With summer now upon us, gardening season is in
full swing. And that can only mean it’s time for local government
officials around the country to try to outdo one another when it
comes to preventing everyday people from growing fruit and
vegetables in their own yards.

If the proposition that squads of busybody, anti-gardening
bureaucrats are waiting in your thicket, ready to pounce on the
pecks of peppers you might have tended in your yard sounds like
hyperbole, then you clearly have not been paying attention to the
news. In years.

Last summer an Oak Park, Michigan, woman faced more than three
months in jail for keeping a well-manicured edible garden in her
front yard. Oak Park officials charged Julie Bass with a
misdemeanor because in their opinion Ms.
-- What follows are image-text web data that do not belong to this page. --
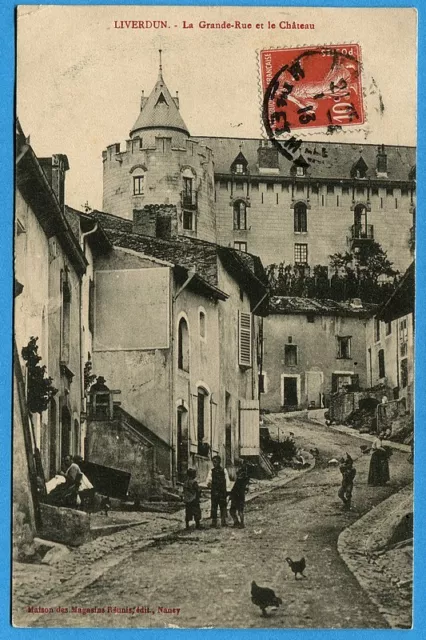 CPA: LIVERDUN - La Grande-Rue et le Château / 1913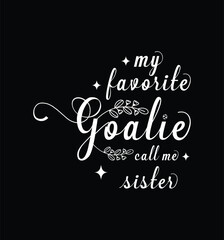 My favorite goalie call me Sister. Vector Illustration quote. Design for t shirt, typography, print, poster, banner, gift card, label sticker, mug design etc. POD.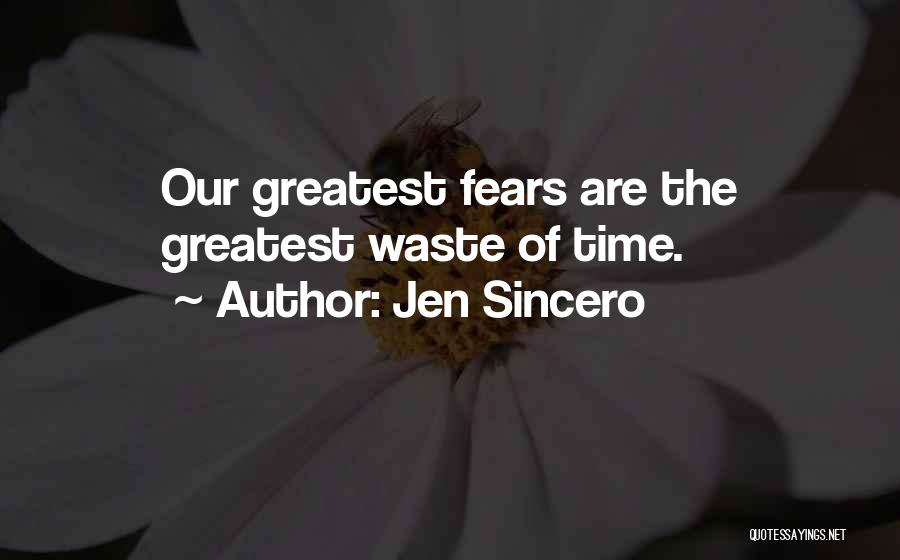 Jen Sincero Quotes: Our Greatest Fears Are The Greatest Waste Of Time.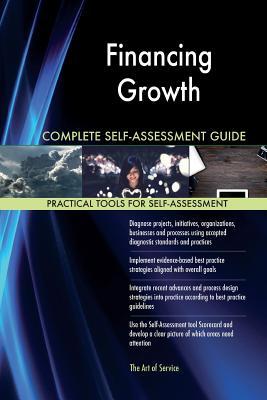 Read Online Financing Growth Complete Self-Assessment Guide - Gerardus Blokdyk | ePub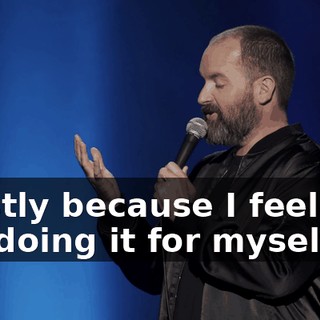 mostly because I feel like I'm doing it for myself.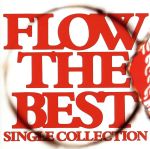 FLOW THE BEST~Single Collection~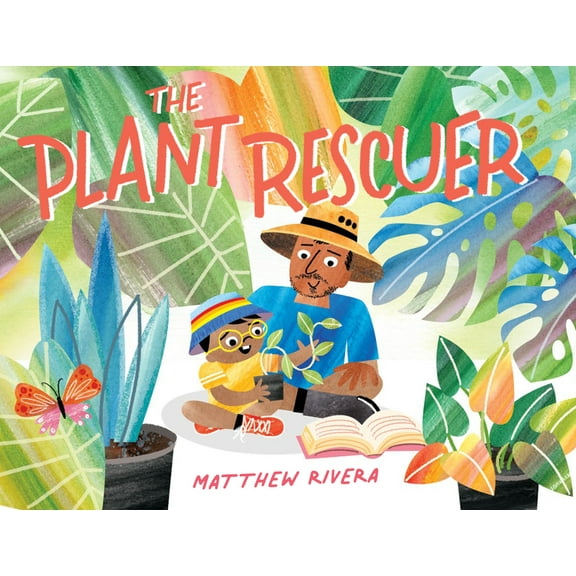 The Plant Rescuer, (Hardcover)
Bass’s tomatoes and
vegetables did not
meet
the city’s definition of “suitable live plant
material.” The city eventually
dropped
the charges.

Last month, Newton, Massachusetts officials brought the
hammer
down on a town resident whose handsome hanging tomato
garden ran afoul of a city building ordinance prohibiting the
construction of “swing sets, swimming pools, or sheds” in a front
yard.

“It’s a straight-out violation of the ordinance,’’
said
John Lojek, the city’s commissioner of inspectional
services, at the time. (If “inspectional” is a typo, then it is one
that appears to be
repeated
all over officialdom in Massachusetts.)

Faced with the prospect of dismantling the structure, the
resident, Eli Katzoff, sought a path to legitimacy.

But Lojek
stood firm
. “There’s no path for them.’’

Lojek was right–in practice though not in
principle. Katzoff was
forced
to move his plants to the grounds of a nearby
theological seminary.

The Boston Globe characterized the move as a sign of
“[d]ivine intervention.”

The seminary’s president took a slightly more secular (and less
sanguine) view, calling this a case of “the down side of zoning.”
And, he wondered, “Who can be against tomatoes?”

Bureaucrats, that’s who.

While Oak Park and Newton are wealthy suburban enclaves, urban
and even rural home gardeners are not immune to the flowering
cruelty of local bureaucrats.

Take Denise Morrison of Tulsa, Oklahoma. Last summer Tulsa code
enforcement officers went onto her land and literally
ripped out
Morrison’s edible garden.

According to reports, the ordinance at issue stated that “plants
can’t be over 12-inches tall unless they’re used for human
consumption.”

Morrison, who was unemployed at the time, consumed the wide
variety of plants she grew—including “lemon, stevia, garlic chives,
grapes, strawberries, apple mint, spearmint, peppermint, an apple
tree, walnut tree, pecan trees and much more.”